──────── Data to process

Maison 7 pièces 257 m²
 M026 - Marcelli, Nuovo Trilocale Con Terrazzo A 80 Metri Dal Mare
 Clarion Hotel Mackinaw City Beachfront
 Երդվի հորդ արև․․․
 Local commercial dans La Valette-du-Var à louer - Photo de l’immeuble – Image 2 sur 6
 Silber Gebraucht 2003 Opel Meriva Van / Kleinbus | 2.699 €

────────────────

The range runs from the line with "M026 - Marcelli, Nuovo" up to and including the line with "Local commercial dans" in the listing above; please write out exactly those lines and nothing more.

→ Response to this exercise
 M026 - Marcelli, Nuovo Trilocale Con Terrazzo A 80 Metri Dal Mare
 Clarion Hotel Mackinaw City Beachfront
 Երդվի հորդ արև․․․
 Local commercial dans La Valette-du-Var à louer - Photo de l’immeuble – Image 2 sur 6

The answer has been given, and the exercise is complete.